El hecho de que el asesino sea hijo y nieto de famosos artistas de la farándula ha generado una inusitada y morbosa expectación; leo y escucho con suma atención cómo funciona el sistema penal tailandés, cómo transcurre el día a día en sus hacinadas, sórdidas y corruptas ergástulas. Llegados a este punto me malicio que su propósito no sea otro que el de infundir compasión y generar comprensión para con el detenido al ver el futuro, ganado a pulso, que se le avecina. El hecho de haber confesado un crimen tan aberrante, minuciosamente planeado, nos define bien a las claras la catadura moral de ese sujeto.

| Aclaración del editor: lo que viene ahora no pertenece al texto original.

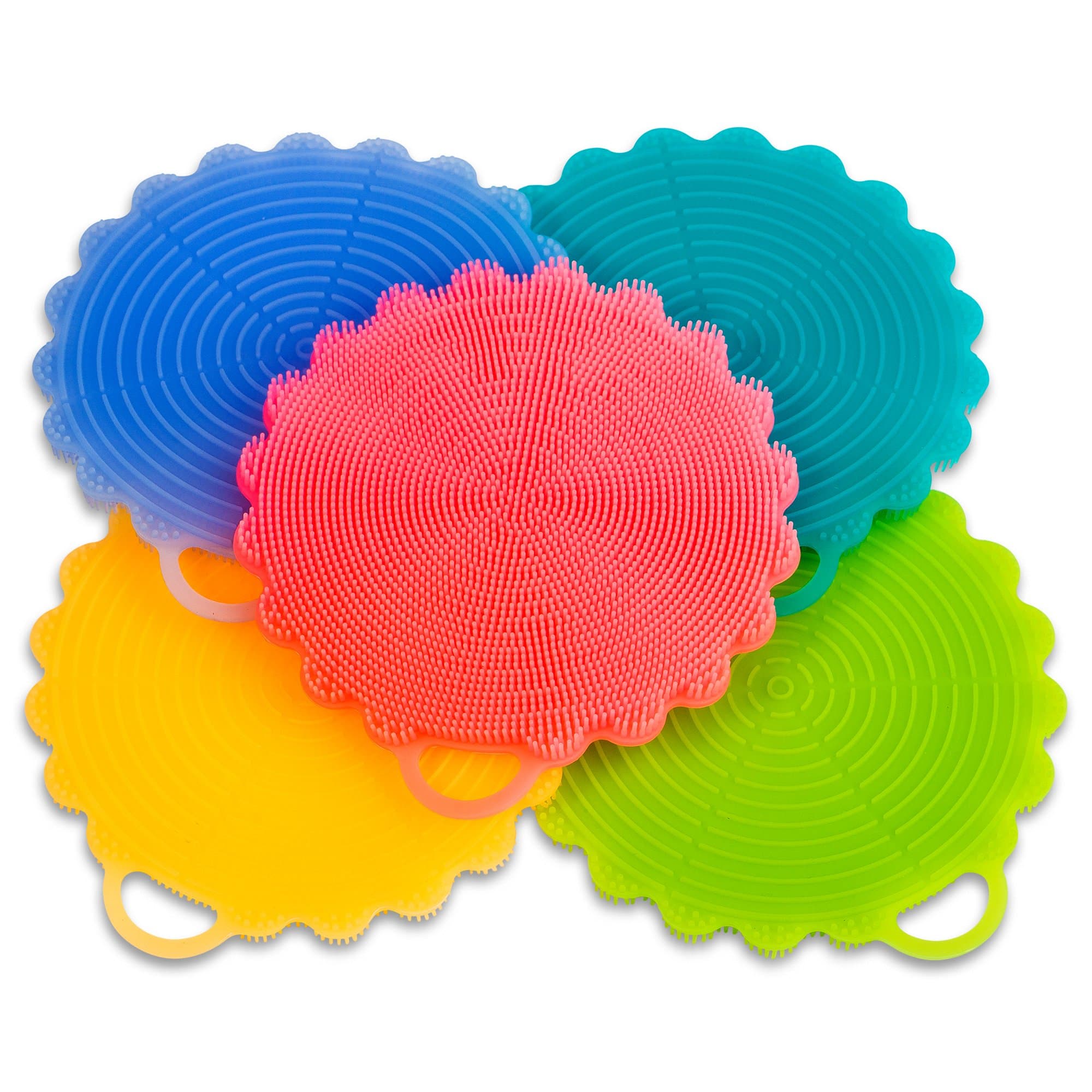 5pc Silicone Dish Sponge - Silicone Dish Scrubber Kitchen Sponge for Dishes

El Código Penal tailandés nada tiene que ver con el nuestro; su concepto de justicia punitiva se encuentra en las antípodas respecto a la llamada justicia “restaurativa” que beneficia exclusivamente a quien quebranta la ley.
La condena que le impongan será cadena perpetua, sin apellidos, o la última pena, sujeta a indulto real.
En la actualidad hay compatriotas, sin abuelo ni padre famosos, cumpliendo pena en países cuyas penitenciarías son el pandemónium; nadie se acuerda de ellos ni se preocupa de su infierno cotidiano. “Dura lex sed lex”, quien la hace la paga y no le salva ni Curro Jiménez con su banda.